As far as the progress on this matte painting goes, there are some things that I need to immediately address... the shape of the cliff on the left and the waterfall are too similar in size and shape, horizontal, and too much like the original Maya geometry. I need to go in and break those shapes up but not too much where the shapes compete for focus. Brother Paul made suggestions about the left cliff-face and Brother Don gave me some pointers to break up the waterfall and make it more 'beautiful'... I just hope I don't mess it up. Heh. I was quite surprised and please with myself with how well the waterfall came out.

Anyway... any additional comments, suggestions, philosophical musings?

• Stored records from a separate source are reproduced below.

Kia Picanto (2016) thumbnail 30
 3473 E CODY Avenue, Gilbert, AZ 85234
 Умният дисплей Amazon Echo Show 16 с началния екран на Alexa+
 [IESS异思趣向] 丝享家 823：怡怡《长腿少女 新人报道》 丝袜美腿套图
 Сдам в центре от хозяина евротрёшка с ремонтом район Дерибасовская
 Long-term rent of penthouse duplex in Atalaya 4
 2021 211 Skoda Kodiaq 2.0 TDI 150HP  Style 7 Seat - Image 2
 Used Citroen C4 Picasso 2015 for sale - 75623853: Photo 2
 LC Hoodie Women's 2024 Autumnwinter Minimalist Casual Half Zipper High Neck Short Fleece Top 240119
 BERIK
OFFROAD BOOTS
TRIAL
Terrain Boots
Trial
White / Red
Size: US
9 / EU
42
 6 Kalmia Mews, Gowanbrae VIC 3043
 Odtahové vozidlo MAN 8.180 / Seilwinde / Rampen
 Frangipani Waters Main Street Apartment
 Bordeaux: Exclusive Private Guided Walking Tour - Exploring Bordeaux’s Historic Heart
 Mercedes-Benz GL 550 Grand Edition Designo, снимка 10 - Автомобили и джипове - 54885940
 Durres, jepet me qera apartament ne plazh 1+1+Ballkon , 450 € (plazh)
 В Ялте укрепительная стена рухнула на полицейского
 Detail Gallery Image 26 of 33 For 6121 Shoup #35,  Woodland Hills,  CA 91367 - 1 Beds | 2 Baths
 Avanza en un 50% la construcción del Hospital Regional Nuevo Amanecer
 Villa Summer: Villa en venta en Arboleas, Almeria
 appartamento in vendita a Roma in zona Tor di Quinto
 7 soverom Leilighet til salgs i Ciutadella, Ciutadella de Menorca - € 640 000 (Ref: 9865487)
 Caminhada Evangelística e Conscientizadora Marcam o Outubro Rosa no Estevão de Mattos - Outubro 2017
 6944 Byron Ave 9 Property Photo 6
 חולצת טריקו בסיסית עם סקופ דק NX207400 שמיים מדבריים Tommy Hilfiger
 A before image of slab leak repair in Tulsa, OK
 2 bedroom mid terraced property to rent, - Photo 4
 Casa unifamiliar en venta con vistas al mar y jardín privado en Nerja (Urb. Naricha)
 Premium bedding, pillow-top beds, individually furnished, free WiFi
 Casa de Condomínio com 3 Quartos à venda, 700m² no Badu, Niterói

Feel free to comment, everyone. :-D


With graduation quickly approaching, I've put off putting together a blog long enough. So... here's my first entry and what I'm currently working on right now...

Hermit of the Abbey

This particular project spun off of the Beethoven project of the BFA seminar. I took several elements of my research - Vienna's rich religious culture, Beethoven's private hikes through the woods, and ruins left over from the Napoleonic wars - to develop a story of a hermit who lived in the ruins of an abandoned abbey/cathedral.

This is one of the first layouts I did and I had alumni Gia Luc take a look at it. He was brutally honest, which is what I hoped for and he pointed out some things that I needed to fix. First he pointed out that it was compositionally boring, indicating that everything was pretty much in the center. Second he also said that my perspective was getting lost and that the hermit seemed to be out of perspective with the rest of the environment. Third he pointed out that the atmospheric perspective was lacking.

Unable to fix the first issue without starting over completely, I opted to make adjustments based on his other points of critique.

I pushed the atmospheric perspective more and I fixed the perspective angle of the hermit. Hopefully it's reading a little better.

At the same time, however, I wanted to try a new composition based on Gia's crit, and this is one I came up with. I initially tried about 9 other compositional setups, each based off of a different camera angle on a Maya model I had built. After receiving some feedback from Derek Brand, I settled on this one. It's still in progress, so we'll see how it pans out in the next few days.